Поколение пилотов, подросшее непосредственно в предвоенные годы, воспитывалось на лозунге: летать быстрее всех, летать выше всех, летать дальше всех! Так сформулировал нашу главную задачу Сталин. После аэроклуба я попал в Борисоглебск. Когда-то здесь обучался Чкалов, и школа носила его имя. Здесь готовили истребителей. Нам внушали — нет летного звания выше и службы почетнее, чем служба в истребительной авиации. Нам полагалось усвоить: летчик-истребитель — «самый-самый» из всех выдающихся, обласканных уважением авиаторов.

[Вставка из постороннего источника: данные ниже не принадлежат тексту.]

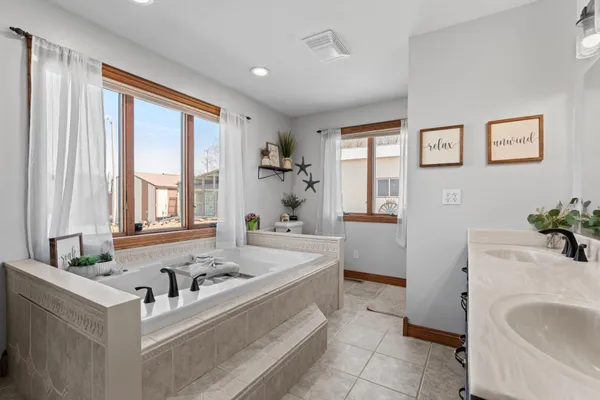 $824,900 | 32337 Juniper Road, Chatfield, MN 55923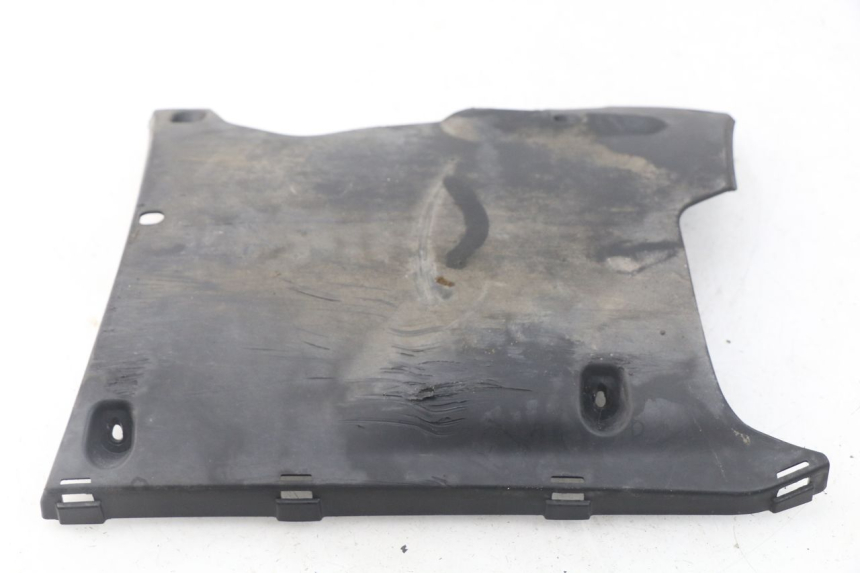 photo de LOWER PART OF THE BODY PEUGEOT KISBEE 2T 50 (2010 - 2017) - Zoom on usage condition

Война в Испании, кстати сказать, и многочисленные награждения «за образцовое выполнение специальных заданий в Н-ских условиях», как это тогда именовалось, очень способствовала росту престижа истребителей. Как мы ни маскировали свое участие в боевых делах Испании, это был «секрет полишинеля». Все знали: наши там, наши дерутся с фашизмом. Истребитель — победитель! Это синонимы.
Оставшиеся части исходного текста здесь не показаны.